So why worry about inflation lingering? First, we don’t actually know when all of these supply chain problems are going to straighten themselves out. The world still doesn’t have enough semiconductors, and while there are some signs that the used car market is cooling off, analysts don’t expect the car market to get back to normal until some time in 2022. There is also a severe global shipping crunch that’s driven up the cost of imports, which experts are concerned could drive up the cost of holiday shopping. (The situation in the world’s ports is so bad that Home Depot literally contracted its own boat to start ferrying merchandise to the U.S.)
Second, while some inflationary forces might be cooling off a bit, others could soon heat up. Rents, for instance, have been rising much more slowly than normal since the pandemic began. But, as the New York Times explained this week, they could soon start escalating again. Since housing makes up a big chunk of the consumer price index, that could have a major impact on inflation.
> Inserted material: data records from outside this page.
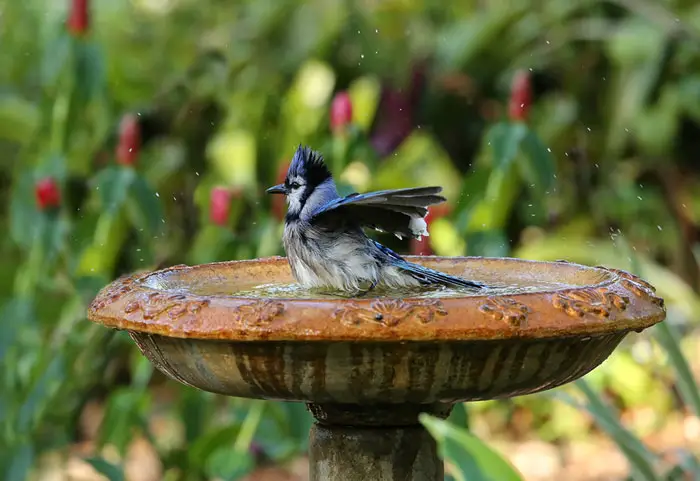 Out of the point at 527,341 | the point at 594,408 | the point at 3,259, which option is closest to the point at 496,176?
the point at 594,408

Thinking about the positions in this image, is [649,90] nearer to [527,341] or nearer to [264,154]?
[264,154]

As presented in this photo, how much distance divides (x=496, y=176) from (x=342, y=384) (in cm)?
177

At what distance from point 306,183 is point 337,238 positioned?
0.21m

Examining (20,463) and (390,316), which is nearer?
(390,316)

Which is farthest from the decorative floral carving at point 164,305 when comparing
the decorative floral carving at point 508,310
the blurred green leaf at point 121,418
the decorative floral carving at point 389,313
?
the blurred green leaf at point 121,418

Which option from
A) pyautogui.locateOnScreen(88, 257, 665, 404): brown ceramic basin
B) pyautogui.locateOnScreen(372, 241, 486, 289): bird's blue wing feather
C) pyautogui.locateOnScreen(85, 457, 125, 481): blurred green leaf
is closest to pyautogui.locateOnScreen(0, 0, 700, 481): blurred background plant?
pyautogui.locateOnScreen(85, 457, 125, 481): blurred green leaf

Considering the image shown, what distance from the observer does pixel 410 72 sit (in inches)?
223

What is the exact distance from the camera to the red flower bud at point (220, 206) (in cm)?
381

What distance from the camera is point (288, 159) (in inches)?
175

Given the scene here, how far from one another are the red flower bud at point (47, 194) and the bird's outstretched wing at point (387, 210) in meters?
1.52

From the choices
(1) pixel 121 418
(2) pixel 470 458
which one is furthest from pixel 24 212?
(2) pixel 470 458

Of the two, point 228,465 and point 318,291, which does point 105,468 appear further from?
point 318,291

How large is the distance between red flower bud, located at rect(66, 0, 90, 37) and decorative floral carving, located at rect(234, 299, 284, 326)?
2.06 meters

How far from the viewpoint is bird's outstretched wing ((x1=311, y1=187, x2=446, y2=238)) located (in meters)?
2.02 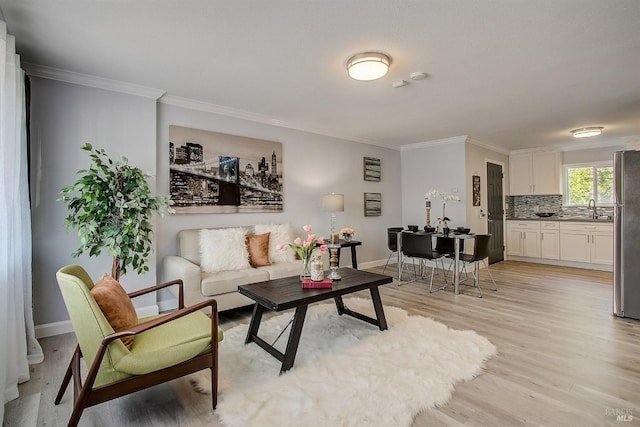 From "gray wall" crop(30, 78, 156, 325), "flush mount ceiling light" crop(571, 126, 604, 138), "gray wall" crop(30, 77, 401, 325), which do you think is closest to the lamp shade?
"gray wall" crop(30, 77, 401, 325)

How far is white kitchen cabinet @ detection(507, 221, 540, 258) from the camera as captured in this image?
6586mm

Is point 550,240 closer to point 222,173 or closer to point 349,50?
point 349,50

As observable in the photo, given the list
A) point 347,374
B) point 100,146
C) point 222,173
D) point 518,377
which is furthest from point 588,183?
point 100,146

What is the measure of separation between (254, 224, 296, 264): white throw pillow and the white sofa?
29 mm

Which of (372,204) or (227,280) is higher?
(372,204)

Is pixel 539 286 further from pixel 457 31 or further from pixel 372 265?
pixel 457 31

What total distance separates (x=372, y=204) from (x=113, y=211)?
4327mm

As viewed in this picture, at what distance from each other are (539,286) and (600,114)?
2.49 m

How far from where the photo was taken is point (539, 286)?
4656 millimetres

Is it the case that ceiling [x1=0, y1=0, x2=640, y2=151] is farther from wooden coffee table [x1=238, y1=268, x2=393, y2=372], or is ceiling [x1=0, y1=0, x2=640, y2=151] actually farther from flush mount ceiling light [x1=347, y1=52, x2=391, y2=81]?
wooden coffee table [x1=238, y1=268, x2=393, y2=372]

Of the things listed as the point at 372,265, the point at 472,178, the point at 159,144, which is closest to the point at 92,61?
the point at 159,144

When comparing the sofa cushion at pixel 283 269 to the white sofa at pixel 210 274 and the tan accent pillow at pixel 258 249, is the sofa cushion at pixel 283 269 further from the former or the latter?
the tan accent pillow at pixel 258 249

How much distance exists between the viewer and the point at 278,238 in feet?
13.7

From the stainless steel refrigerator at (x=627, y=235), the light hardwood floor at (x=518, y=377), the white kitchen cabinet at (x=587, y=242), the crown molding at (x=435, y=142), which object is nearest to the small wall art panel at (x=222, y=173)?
the light hardwood floor at (x=518, y=377) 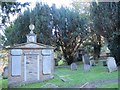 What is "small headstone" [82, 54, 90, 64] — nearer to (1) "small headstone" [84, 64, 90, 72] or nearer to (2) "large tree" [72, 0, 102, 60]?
(2) "large tree" [72, 0, 102, 60]

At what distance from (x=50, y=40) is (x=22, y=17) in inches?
27.6

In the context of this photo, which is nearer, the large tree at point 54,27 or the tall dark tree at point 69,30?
the large tree at point 54,27

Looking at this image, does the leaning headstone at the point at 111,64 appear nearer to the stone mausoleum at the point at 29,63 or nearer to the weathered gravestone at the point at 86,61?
the weathered gravestone at the point at 86,61

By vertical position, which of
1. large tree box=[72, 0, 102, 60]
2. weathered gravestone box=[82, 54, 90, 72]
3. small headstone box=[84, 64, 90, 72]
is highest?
large tree box=[72, 0, 102, 60]

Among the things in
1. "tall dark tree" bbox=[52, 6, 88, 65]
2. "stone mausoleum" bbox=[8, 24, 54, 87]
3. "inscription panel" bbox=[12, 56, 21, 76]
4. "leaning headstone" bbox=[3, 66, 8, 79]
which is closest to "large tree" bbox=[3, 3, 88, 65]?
"tall dark tree" bbox=[52, 6, 88, 65]

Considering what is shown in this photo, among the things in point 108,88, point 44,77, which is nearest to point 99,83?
point 108,88

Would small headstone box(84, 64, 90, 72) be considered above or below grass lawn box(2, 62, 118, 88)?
above

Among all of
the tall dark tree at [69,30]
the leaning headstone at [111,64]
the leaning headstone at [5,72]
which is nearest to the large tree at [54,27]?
the tall dark tree at [69,30]

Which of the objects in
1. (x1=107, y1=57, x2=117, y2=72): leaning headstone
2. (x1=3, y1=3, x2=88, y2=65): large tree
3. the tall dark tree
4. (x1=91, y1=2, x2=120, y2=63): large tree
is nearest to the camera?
(x1=3, y1=3, x2=88, y2=65): large tree

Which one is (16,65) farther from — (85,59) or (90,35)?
(90,35)

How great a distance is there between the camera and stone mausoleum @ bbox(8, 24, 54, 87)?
14.5 feet

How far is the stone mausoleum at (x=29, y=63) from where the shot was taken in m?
4.43

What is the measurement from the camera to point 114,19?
5.47 m

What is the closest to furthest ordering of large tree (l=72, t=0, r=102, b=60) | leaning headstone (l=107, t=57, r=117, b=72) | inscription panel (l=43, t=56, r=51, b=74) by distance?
inscription panel (l=43, t=56, r=51, b=74) < leaning headstone (l=107, t=57, r=117, b=72) < large tree (l=72, t=0, r=102, b=60)
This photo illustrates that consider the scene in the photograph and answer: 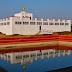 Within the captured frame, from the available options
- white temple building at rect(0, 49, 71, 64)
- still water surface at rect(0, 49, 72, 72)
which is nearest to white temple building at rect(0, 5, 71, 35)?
white temple building at rect(0, 49, 71, 64)

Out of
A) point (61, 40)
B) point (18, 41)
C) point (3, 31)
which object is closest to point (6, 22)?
point (3, 31)

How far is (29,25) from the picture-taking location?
4800cm

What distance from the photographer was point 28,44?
3406 centimetres

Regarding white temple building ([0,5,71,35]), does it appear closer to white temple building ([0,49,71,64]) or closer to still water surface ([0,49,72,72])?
white temple building ([0,49,71,64])

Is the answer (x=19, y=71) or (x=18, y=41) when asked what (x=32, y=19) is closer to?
(x=18, y=41)

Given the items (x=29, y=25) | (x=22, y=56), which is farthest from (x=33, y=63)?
(x=29, y=25)

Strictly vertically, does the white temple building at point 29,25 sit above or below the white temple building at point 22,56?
above

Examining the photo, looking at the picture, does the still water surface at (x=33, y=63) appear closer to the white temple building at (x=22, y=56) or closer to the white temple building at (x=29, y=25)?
the white temple building at (x=22, y=56)

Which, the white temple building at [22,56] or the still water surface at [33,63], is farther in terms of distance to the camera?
the white temple building at [22,56]

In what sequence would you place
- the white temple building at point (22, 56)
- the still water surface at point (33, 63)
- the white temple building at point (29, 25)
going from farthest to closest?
the white temple building at point (29, 25) < the white temple building at point (22, 56) < the still water surface at point (33, 63)

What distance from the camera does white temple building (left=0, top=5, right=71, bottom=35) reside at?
1805 inches

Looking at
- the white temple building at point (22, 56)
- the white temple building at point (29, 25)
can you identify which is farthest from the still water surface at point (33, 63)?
the white temple building at point (29, 25)

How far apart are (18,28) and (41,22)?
10.3 meters

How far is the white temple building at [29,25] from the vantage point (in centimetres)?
4584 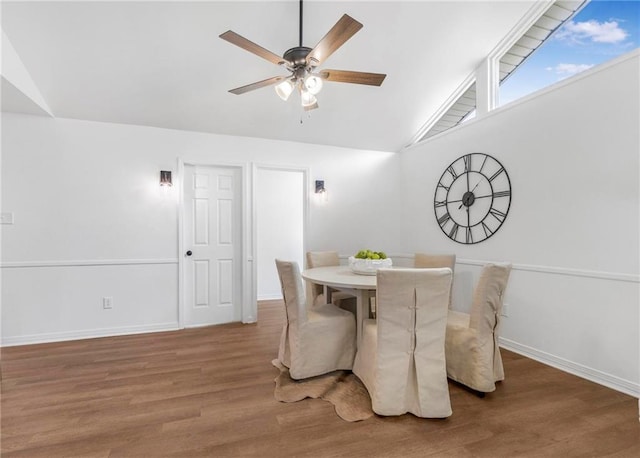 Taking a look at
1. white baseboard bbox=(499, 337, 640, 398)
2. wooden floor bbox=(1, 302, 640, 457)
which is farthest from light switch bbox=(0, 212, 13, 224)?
white baseboard bbox=(499, 337, 640, 398)

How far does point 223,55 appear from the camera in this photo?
2873mm

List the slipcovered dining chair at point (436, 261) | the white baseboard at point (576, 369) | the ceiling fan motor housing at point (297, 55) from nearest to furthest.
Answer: the ceiling fan motor housing at point (297, 55)
the white baseboard at point (576, 369)
the slipcovered dining chair at point (436, 261)

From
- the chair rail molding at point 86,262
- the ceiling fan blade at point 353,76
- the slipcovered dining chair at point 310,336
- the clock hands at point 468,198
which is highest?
the ceiling fan blade at point 353,76

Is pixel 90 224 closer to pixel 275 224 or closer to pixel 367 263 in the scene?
pixel 275 224

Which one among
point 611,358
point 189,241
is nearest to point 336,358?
point 611,358

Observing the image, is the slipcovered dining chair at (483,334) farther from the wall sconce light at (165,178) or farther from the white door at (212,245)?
the wall sconce light at (165,178)

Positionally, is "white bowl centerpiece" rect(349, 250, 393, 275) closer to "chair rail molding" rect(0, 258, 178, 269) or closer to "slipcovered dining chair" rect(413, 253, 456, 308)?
"slipcovered dining chair" rect(413, 253, 456, 308)

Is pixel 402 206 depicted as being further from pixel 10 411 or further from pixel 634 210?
pixel 10 411

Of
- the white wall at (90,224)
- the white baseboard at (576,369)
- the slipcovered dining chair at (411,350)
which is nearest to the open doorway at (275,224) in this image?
the white wall at (90,224)

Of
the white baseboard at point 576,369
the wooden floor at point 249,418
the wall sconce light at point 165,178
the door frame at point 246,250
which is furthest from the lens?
the door frame at point 246,250

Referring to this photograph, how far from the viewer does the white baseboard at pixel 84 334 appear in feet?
10.4

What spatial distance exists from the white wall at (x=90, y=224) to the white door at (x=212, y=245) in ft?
0.55

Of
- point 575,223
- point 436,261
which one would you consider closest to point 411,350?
point 436,261

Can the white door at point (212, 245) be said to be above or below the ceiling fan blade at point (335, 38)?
below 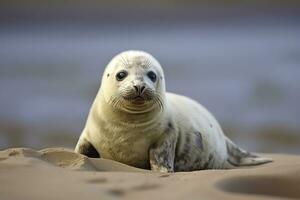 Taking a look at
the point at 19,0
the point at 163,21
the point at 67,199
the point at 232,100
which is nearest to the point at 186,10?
the point at 163,21

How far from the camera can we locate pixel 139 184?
1944 millimetres

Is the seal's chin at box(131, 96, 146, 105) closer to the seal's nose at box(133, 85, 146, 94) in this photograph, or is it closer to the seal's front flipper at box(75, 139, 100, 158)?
the seal's nose at box(133, 85, 146, 94)

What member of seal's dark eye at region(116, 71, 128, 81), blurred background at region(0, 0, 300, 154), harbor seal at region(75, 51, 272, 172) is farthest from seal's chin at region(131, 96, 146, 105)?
blurred background at region(0, 0, 300, 154)

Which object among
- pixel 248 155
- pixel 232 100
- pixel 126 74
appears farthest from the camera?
pixel 232 100

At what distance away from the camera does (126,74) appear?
3227 mm

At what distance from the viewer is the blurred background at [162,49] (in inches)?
267

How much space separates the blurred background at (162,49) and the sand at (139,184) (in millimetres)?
4482

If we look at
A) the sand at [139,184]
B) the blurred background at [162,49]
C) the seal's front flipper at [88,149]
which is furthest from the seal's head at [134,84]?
the blurred background at [162,49]

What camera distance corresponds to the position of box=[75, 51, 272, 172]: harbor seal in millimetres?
3162

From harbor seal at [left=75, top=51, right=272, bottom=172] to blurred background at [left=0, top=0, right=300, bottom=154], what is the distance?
319 cm

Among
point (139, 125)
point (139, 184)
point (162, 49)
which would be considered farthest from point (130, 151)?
point (162, 49)

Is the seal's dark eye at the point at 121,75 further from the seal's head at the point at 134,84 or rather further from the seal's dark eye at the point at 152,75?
the seal's dark eye at the point at 152,75

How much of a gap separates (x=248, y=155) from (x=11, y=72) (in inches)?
155

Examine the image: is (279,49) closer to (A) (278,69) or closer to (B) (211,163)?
(A) (278,69) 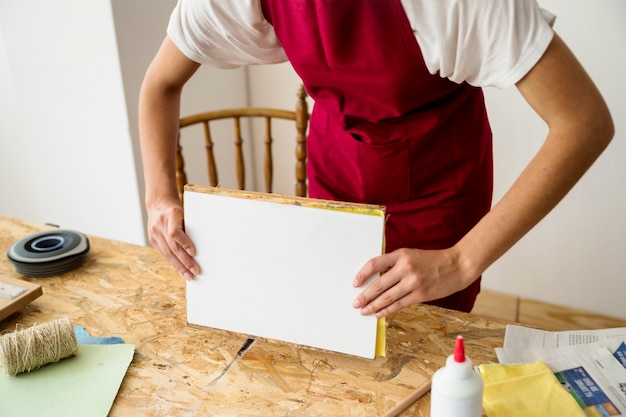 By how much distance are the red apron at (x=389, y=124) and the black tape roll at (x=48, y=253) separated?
56 centimetres

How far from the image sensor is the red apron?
912mm

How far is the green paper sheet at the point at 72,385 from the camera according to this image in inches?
32.7

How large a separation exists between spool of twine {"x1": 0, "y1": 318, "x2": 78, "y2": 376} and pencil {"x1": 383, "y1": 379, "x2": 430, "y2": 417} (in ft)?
1.76

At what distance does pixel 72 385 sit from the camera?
34.5 inches

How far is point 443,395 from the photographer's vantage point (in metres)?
0.68

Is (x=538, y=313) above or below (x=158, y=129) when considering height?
below

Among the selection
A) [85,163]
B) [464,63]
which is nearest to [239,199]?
[464,63]

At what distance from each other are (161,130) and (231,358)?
20.1 inches

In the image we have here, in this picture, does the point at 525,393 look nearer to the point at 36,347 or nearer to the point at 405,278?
the point at 405,278

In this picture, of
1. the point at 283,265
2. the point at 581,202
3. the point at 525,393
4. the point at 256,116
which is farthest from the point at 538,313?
the point at 283,265

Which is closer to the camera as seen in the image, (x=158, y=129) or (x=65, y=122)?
(x=158, y=129)

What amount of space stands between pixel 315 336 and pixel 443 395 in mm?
293

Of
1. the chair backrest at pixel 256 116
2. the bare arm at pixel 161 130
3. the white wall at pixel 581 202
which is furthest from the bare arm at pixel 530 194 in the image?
the white wall at pixel 581 202

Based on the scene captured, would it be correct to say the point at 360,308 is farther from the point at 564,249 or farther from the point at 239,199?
the point at 564,249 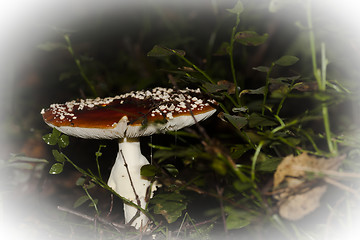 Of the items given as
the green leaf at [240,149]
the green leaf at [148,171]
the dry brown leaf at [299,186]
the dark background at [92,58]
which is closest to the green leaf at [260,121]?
the green leaf at [240,149]

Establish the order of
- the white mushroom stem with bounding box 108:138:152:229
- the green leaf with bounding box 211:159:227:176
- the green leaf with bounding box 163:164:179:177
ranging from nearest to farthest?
the green leaf with bounding box 211:159:227:176 → the green leaf with bounding box 163:164:179:177 → the white mushroom stem with bounding box 108:138:152:229

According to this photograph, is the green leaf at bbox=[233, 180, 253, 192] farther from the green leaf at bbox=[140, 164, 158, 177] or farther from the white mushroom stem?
the white mushroom stem

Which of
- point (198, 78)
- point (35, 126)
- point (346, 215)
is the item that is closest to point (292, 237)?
point (346, 215)

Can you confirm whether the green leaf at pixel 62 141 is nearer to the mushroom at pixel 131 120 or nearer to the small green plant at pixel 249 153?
the small green plant at pixel 249 153

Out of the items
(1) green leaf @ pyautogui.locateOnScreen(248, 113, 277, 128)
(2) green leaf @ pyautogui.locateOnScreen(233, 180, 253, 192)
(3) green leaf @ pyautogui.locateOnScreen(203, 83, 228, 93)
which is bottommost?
(2) green leaf @ pyautogui.locateOnScreen(233, 180, 253, 192)

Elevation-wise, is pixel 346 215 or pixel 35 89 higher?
pixel 346 215

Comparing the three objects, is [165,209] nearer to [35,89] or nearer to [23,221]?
[23,221]

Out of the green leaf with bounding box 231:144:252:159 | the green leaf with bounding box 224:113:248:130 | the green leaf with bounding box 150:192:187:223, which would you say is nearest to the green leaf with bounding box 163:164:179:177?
the green leaf with bounding box 150:192:187:223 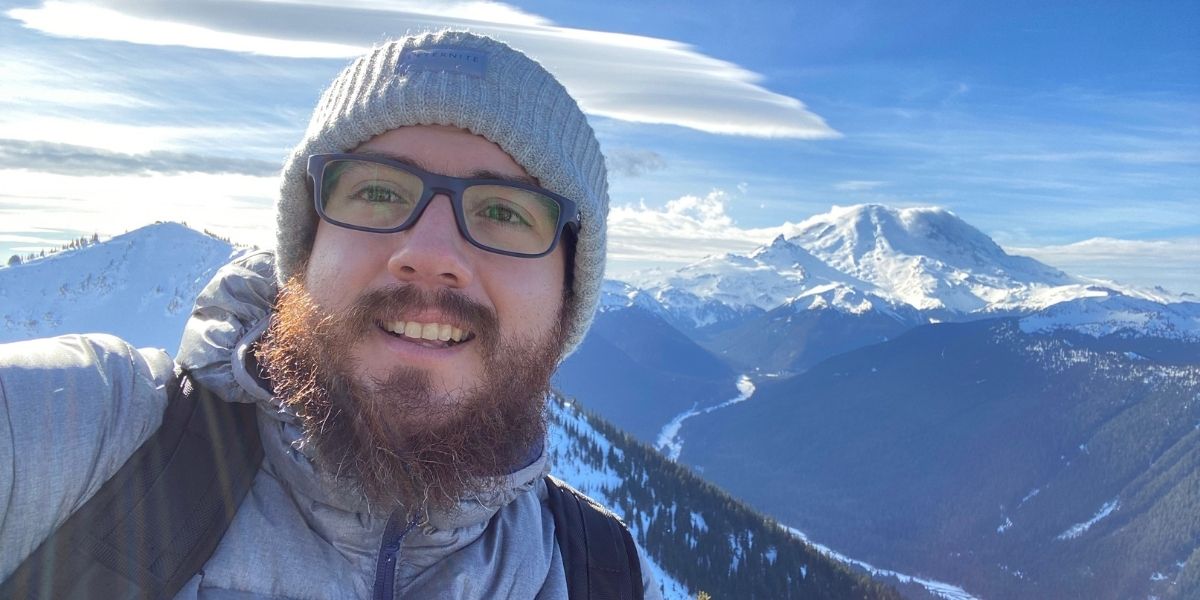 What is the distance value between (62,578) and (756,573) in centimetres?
9999

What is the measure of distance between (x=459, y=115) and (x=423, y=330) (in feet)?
2.44

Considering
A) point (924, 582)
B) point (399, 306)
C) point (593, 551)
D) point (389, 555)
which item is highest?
point (399, 306)

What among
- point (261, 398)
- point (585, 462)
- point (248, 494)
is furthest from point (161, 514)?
point (585, 462)

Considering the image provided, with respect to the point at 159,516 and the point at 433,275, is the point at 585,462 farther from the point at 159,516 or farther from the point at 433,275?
the point at 159,516

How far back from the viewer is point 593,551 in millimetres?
2531

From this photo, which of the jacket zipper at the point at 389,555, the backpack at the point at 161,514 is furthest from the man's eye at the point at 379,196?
the jacket zipper at the point at 389,555

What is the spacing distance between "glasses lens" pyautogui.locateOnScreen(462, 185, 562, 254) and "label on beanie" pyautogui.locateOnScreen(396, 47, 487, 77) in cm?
45

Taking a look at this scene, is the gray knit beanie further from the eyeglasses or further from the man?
the eyeglasses

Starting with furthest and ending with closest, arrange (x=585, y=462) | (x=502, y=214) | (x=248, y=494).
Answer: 1. (x=585, y=462)
2. (x=502, y=214)
3. (x=248, y=494)

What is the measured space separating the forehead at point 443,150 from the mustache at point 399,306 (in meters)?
0.44

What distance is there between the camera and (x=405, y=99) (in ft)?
7.48

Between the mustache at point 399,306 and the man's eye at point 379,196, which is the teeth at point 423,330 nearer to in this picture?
the mustache at point 399,306

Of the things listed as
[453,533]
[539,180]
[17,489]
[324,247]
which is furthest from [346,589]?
[539,180]

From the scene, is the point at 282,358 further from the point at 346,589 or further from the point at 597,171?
the point at 597,171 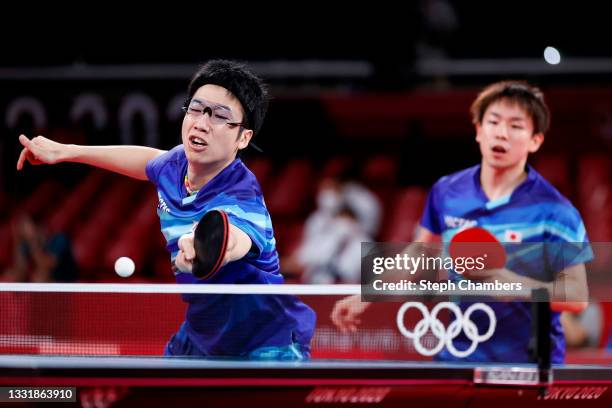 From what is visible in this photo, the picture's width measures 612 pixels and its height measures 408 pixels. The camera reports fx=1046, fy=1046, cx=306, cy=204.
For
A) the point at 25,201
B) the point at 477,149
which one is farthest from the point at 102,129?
the point at 477,149

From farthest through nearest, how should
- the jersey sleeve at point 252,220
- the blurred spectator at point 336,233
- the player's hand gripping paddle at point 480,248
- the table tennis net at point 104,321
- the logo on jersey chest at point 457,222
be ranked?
1. the blurred spectator at point 336,233
2. the logo on jersey chest at point 457,222
3. the player's hand gripping paddle at point 480,248
4. the table tennis net at point 104,321
5. the jersey sleeve at point 252,220

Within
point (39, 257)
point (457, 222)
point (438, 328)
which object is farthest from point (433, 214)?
point (39, 257)

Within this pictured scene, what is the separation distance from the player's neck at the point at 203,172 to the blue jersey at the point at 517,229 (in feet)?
3.38

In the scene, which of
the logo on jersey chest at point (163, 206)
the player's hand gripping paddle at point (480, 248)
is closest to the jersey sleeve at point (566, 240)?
the player's hand gripping paddle at point (480, 248)

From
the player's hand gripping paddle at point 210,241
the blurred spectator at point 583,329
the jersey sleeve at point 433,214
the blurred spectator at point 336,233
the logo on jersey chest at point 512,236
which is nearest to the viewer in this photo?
the player's hand gripping paddle at point 210,241

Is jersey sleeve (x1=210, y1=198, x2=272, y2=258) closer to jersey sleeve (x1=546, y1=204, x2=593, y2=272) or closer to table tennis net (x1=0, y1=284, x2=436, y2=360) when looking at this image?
table tennis net (x1=0, y1=284, x2=436, y2=360)

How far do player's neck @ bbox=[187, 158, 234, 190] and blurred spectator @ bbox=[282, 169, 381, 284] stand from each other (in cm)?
312

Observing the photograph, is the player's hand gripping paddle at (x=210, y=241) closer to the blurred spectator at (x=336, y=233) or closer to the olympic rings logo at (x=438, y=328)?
the olympic rings logo at (x=438, y=328)

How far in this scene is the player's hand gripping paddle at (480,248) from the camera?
148 inches

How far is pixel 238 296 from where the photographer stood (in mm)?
3607

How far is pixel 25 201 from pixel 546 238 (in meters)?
3.95

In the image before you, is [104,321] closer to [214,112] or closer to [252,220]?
[252,220]

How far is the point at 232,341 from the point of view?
3.66 meters

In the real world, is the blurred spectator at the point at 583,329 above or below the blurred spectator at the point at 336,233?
below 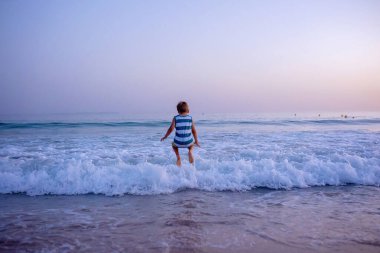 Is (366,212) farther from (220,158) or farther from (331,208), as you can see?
(220,158)

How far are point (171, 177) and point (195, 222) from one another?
245cm

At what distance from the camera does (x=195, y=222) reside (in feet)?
13.1

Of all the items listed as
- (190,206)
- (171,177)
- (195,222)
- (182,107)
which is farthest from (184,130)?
(195,222)

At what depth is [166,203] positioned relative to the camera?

Wages are another potential issue. Despite the complaints of business owners who’ve had trouble staffing up, the cost of hiring doesn’t seem to have been a big factor in inflation so far. But if companies continue to raise wages, you might see them pass more of the expense onto customers (that would, of course, be a fine trade for workers in a lot of lower-wage service industries).
Even if inflation starts to slow down considerably, the final number for 2021 could end up fairly high by recent standards. Here’s some sample math: Let’s say inflation fell back down to a 3 percent annual rate for the back half of the year, about one-third the pace we’ve seen the last three months. In that case, the CPI would still end the year up more than 5 percent (the Federal Reserve’s official target, which it has usually stayed below, is 2 percent).